Being eager to try AI art generation, I sat down with her and had her describe as much as she could in exacting detail. And we spent the better part of an afternoon feeding prompts into my local install of Automatic 1111 and seeing what it would spit out.

She ‘liked’ what she saw, but felt it was ‘too resort-like’ and ‘too plastic-y’; not keeping with the humble esthetic she’d dreamed about. After a few more tries with negative prompts, we had to call it quits to feed kiddos and take a break from her growing frustration with the process.

About a week later, she texted me- excited she had found a photo in the paper that was more true to the dream and brought it to the next family gathering:

small image of a cabin

It was small, and printed in that obnoxious half-tone process newspapers use, which made it low resolution. And very grainy.

So- hello Google Reverse image search. Found a better version and started Photoshopping things with a renewed energy. Found different images that she liked and started editing them together. Added filters and adjustment layers, tweaking things left and right.

And she still wasn’t thrilled with the result:

a Cabin on a beach
I think this was the best version done on Photoshop

What it boiled down to was this: the cabin image was just too flat and two dimensional to really get the ‘look’ she was after. Since it was too flat – I felt I must make it 3D.

round and round we go

Taking a cue from Ian Hubert’s Lazy Tutorials – I took the photos I found and began modeling. The tut in reference is:

its only a minute and SO worth the watch!

So after some tinkering, I got the cabin in Unity and sat down with Ma to sculpt out the terrain, adding a few free assets, such as rocks, along the way. She was super impressed with how quickly we could iterate changes, move things around and tinker with the various settings to make it look ‘right’.

image of 3d cabinin Unity ediot
After tinkering, I got my model in Unity!

Once we got it looking the way she wanted, I started showing off, adding wind effects to the trees, I cribbed some seagull sounds off some video I filmed at the beach last year and looped some surf sounds as well. Once she liked the look of everything, I took a screenshot of it and said, “Ok, this is what I’ll use for the reference for your painting!”

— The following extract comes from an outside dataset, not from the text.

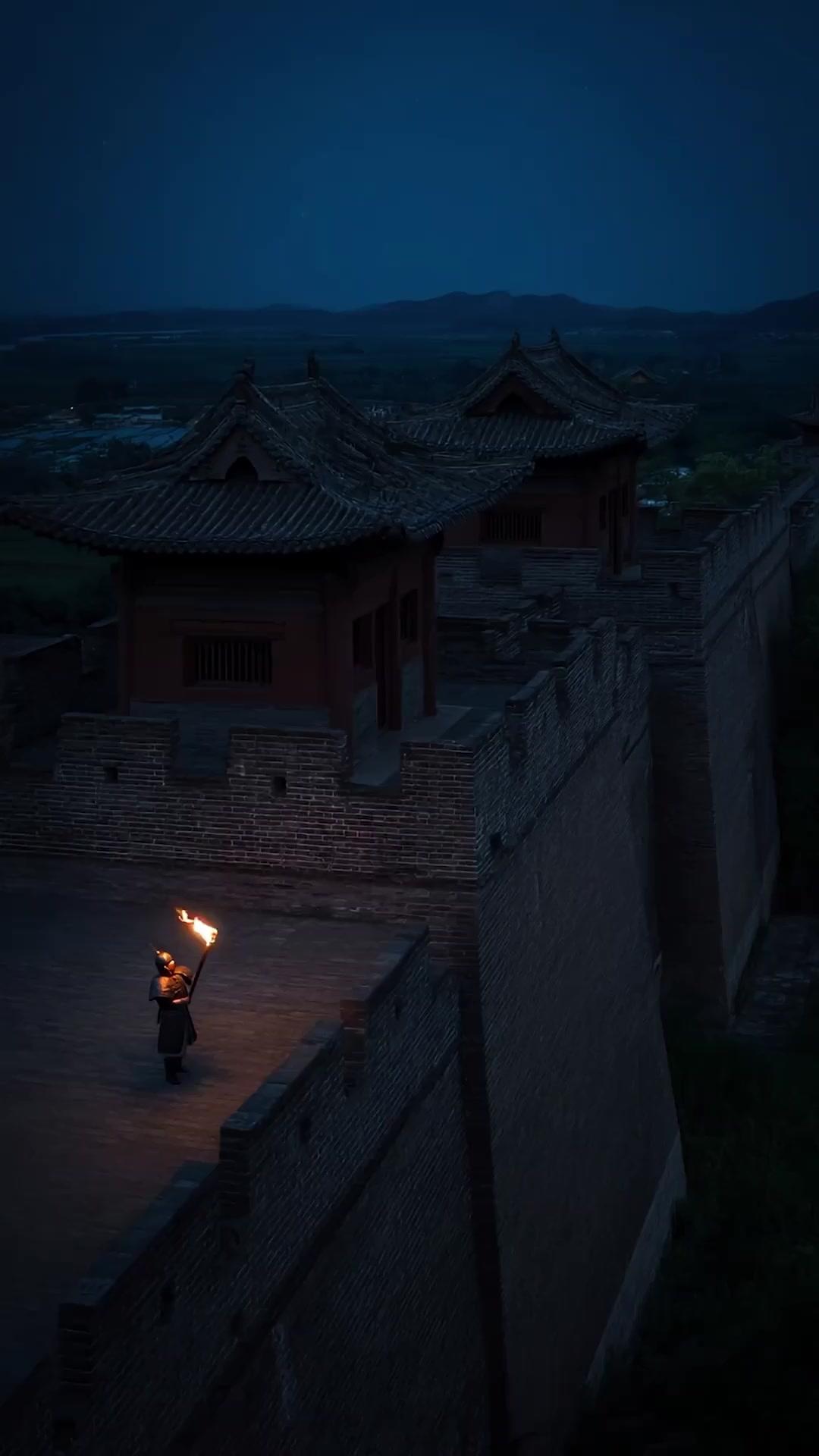  Ascensão dos Invisíveis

final image of cabin on the beach
hopefully I can paint something good enough to match this!

Suffice to say – this was the most involved project I’ve ever attempted for a painting – usually its sitting the subject with some lights and taking a few dozen photos until I get the mood and feeling I’m looking for. Having tried 3 vastly different approaches, I’m thrilled that I have so many tools at my disposal in order to create. At the same time, tis also daunting, far better artists than I have been silenced by the sheer scope and volume of what they can create with…

Post Script:

 

So my initial attempt at painting it didn’t work out quite as planned. In my race to get the final underway, I grabbed a non-permanent ink and it bled like crazy as I was putting down my first washes.

watercolor painting of cabin on beach
looks like I’ll be doing this again

I did go back and try to mitigate some of the bleeding – but it looks like I’ll have to take another run at it.

Just let me go work on my game for a bit, first.